Following last week's announcement, Standard & Poor's Corp. put Axis on its credit watch negative list as it seeks answers to questions, said Taoufik Gharib, New York-based director of financial services ratings for North American insurance.

The rating agency will meet with company management over the next 90 days and either affirms Axis' A+ stable ratings or put it on negative outlook, he said. Issues include how the combined entity will manage capital, its property catastrophe exposures, overlapping business, and how the enterprise risk management programs will be integrated and define risk tolerances, he said.

He agreed, however, there will be more reinsurer combinations.

“We'll see further consolidation, especially among the smaller companies, which need to compete to remain relevant in the market. They will be under pressure to take action,” Mr. Gharib said.
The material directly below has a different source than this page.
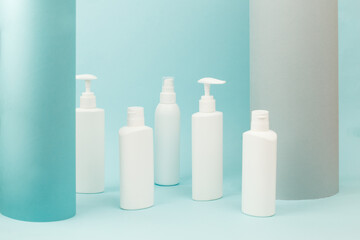 Set of white cosmetic bottles with soft shadows on light blue background. Home and beauty salon care concept, mock up, copy space, beauty industry banner, flyer, coupon, healthcare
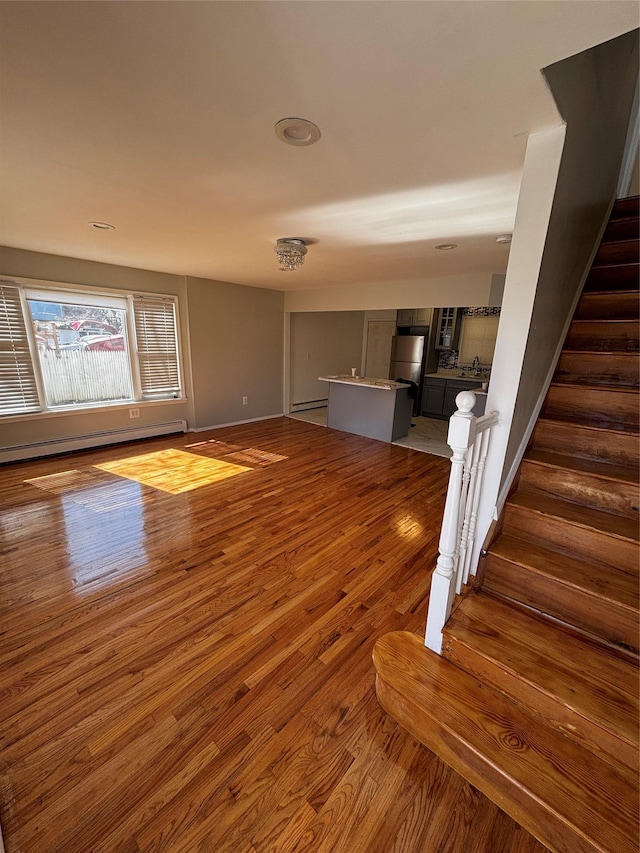 unfurnished living room with a baseboard radiator, stairway, and wood finished floors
As for concerns that the deal increases Axis' exposure to reinsurance, Mr. Benchimol was not worried.

“To go from having approximately 50% of our business in a top 20 property/casualty reinsurer to having 62% of our business as the No. 5 reinsurer and leading broker reinsurer, that's a trade I'll do every day,” Mr. Benchimol said.

“It became increasingly clear to us — strategically — that what we wanted to achieve was more scale and size in the reinsurance operation” as well as build a primary insurance capability, David Zweiner, interim CEO of PartnerRe, said in an interview.

The reinsurance brokerage community also sees further consolidation.

“The conditions are all there; it's just a matter of getting the personalities to agree,” said David Flandro, New York-based global head of strategic advisory at JLT Towers Re, the reinsurance unit of Jardine Lloyd Thompson Group P.L.C.

“One could argue this decreases competition, but the reverse is also a possibility,” said Phil Campbell, Edina, Minnesota-based executive vice president of BMS Intermediaries Inc. “These larger reinsurers need to write volume and need bigger lines to get it, so they might be more aggressive in pricing and providing broader coverage just to get a line on the contract.”

Mr. Shields has an opposite view. “If I'm a reinsurance broker, the fact that I have fewer companies to go to is going to be tough,” he said. “Every time we see one of these deals, the top 20 becomes more exclusive” and controls a larger portion of premium volume.

The Axis-PartnerRe deal is expected to produce at least $200 million in annual pretax cost savings and efficiencies in the first 18 months of operations, the companies said.

Mr. Benchimol, who joined Axis in 2012 from PartnerRe, said that includes using PartnerRe's existing offices in Miami and Hong Kong.

He also said the companies' combined accident and health activities will yield an operation in excess of $600 million annually, making it one of the top players in the U.S health market.